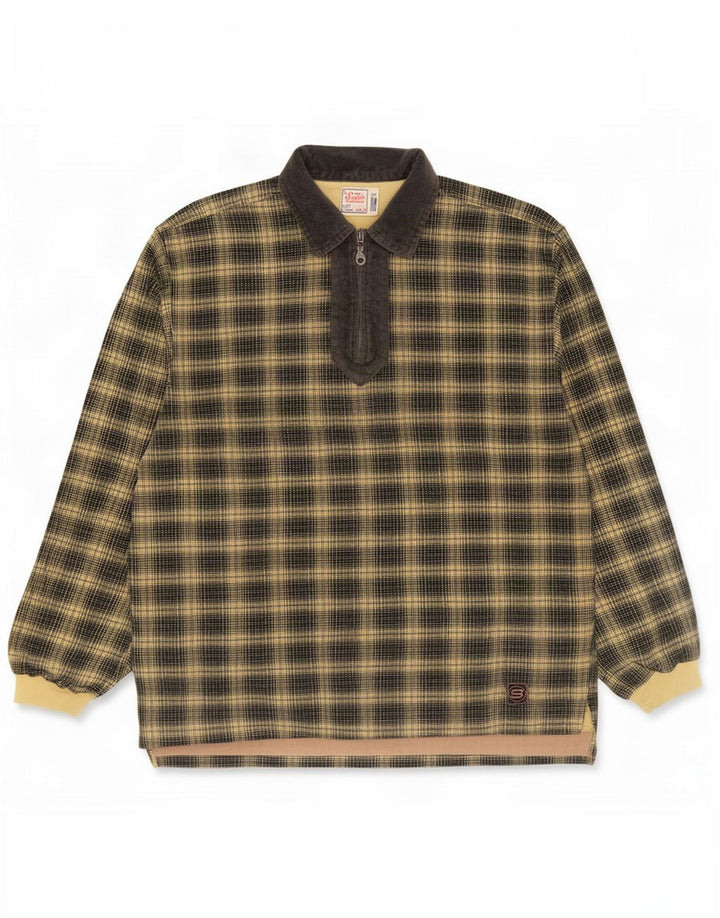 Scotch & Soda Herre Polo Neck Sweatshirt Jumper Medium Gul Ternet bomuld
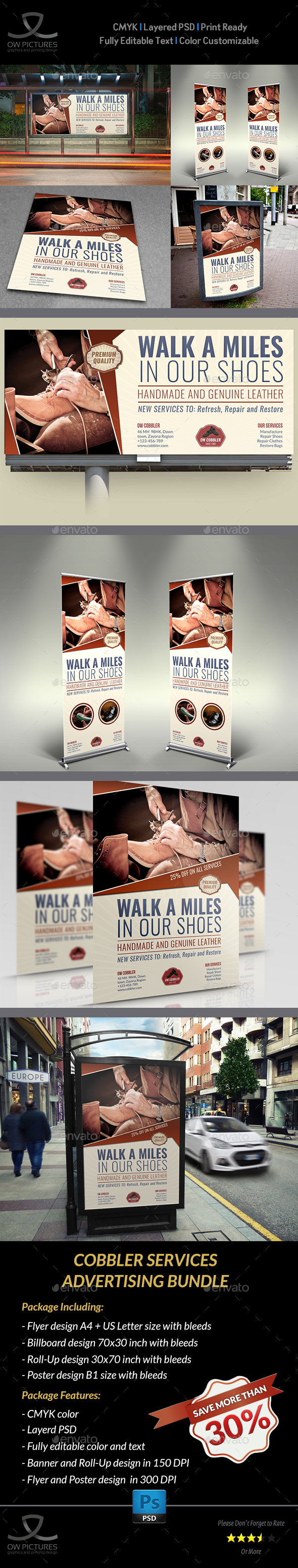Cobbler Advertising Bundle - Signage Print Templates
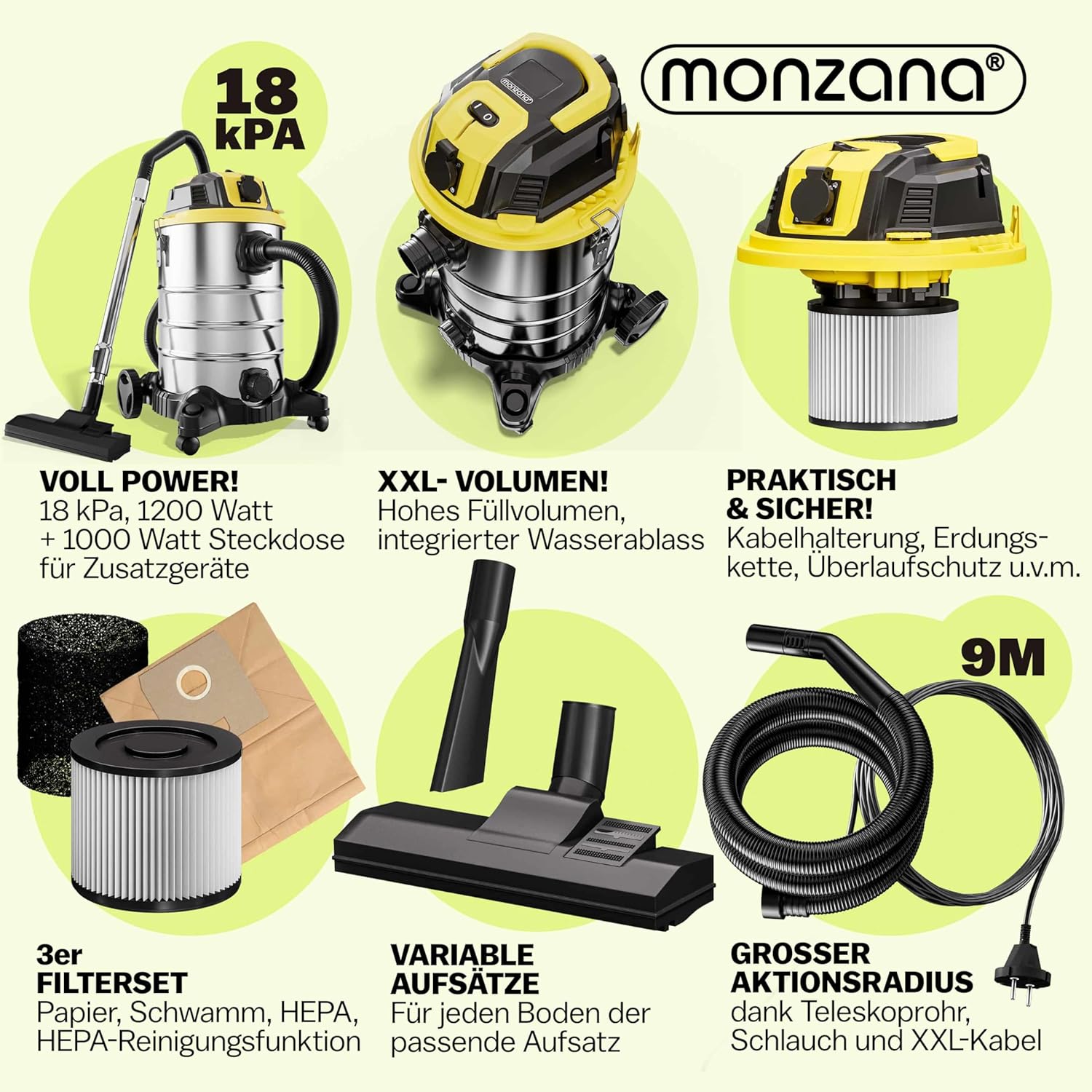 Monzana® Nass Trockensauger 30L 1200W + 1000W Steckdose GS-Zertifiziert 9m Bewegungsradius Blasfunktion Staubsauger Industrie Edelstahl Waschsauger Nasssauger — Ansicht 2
...
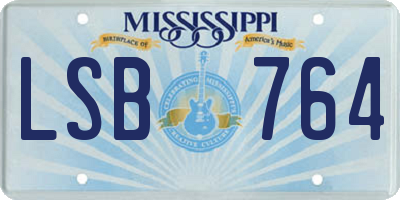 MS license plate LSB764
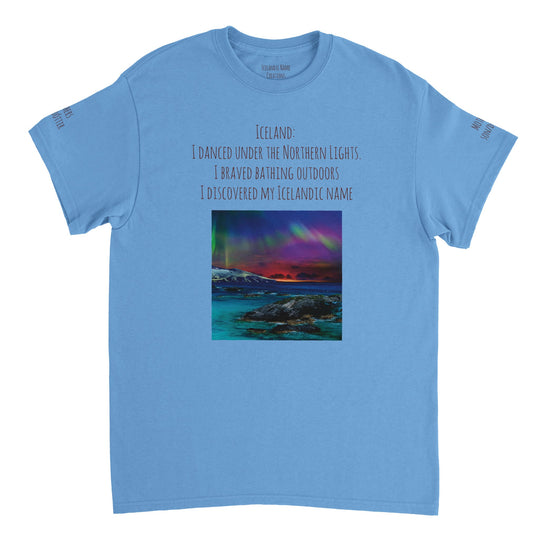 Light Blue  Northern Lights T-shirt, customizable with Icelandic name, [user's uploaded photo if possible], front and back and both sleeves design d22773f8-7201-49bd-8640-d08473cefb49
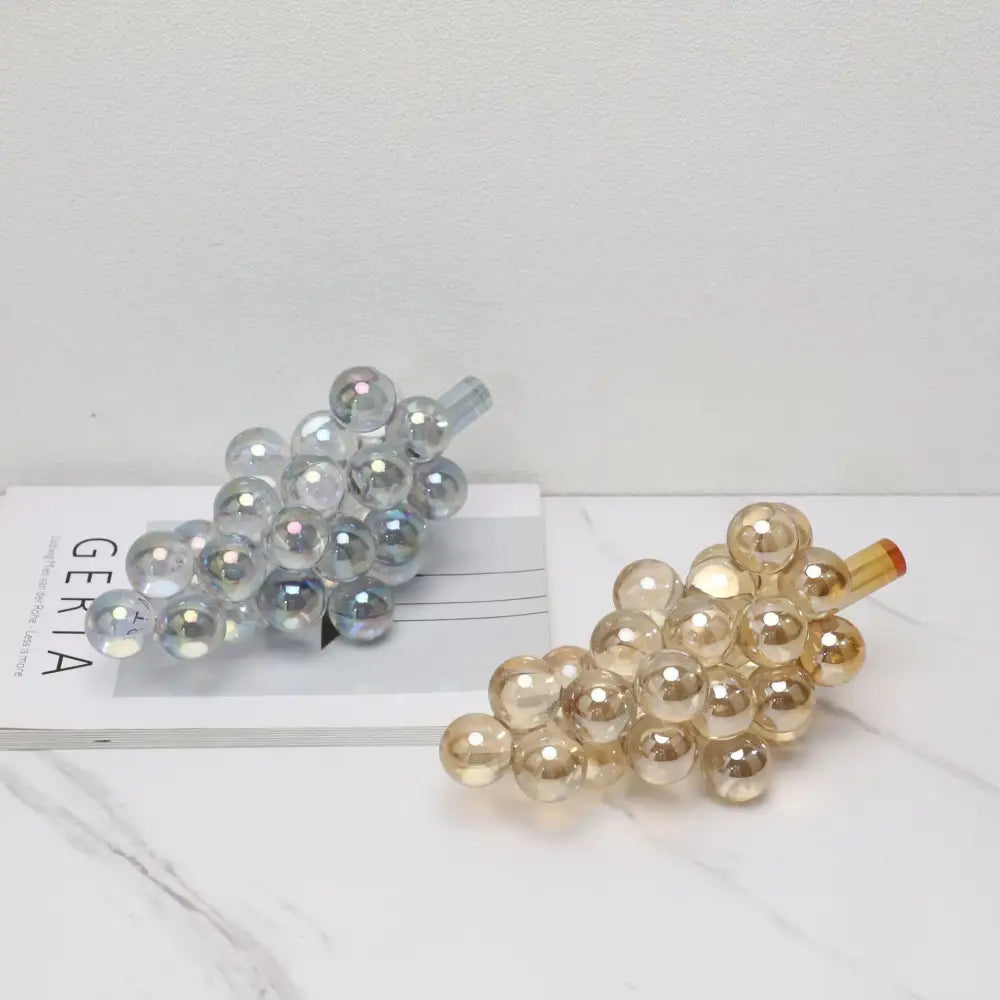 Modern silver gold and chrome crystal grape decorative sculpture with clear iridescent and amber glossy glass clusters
==
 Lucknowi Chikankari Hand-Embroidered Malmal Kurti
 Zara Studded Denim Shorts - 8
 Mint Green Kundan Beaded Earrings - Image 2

_YOUR INSTRUCTIONS_
In the material above, one part opens with the line containing "Scotch & Soda" and closes with the line containing "Monzana® Nass Trockensauger". Write out that part exactly and skip its pictures.

_RESPONSE TO THE EXERCISE_
 Scotch & Soda Herre Polo Neck Sweatshirt Jumper Medium Gul Ternet bomuld
Cobbler Advertising Bundle - Signage Print Templates
 Monzana® Nass Trockensauger 30L 1200W + 1000W Steckdose GS-Zertifiziert 9m Bewegungsradius Blasfunktion Staubsauger Industrie Edelstahl Waschsauger Nasssauger — Ansicht 2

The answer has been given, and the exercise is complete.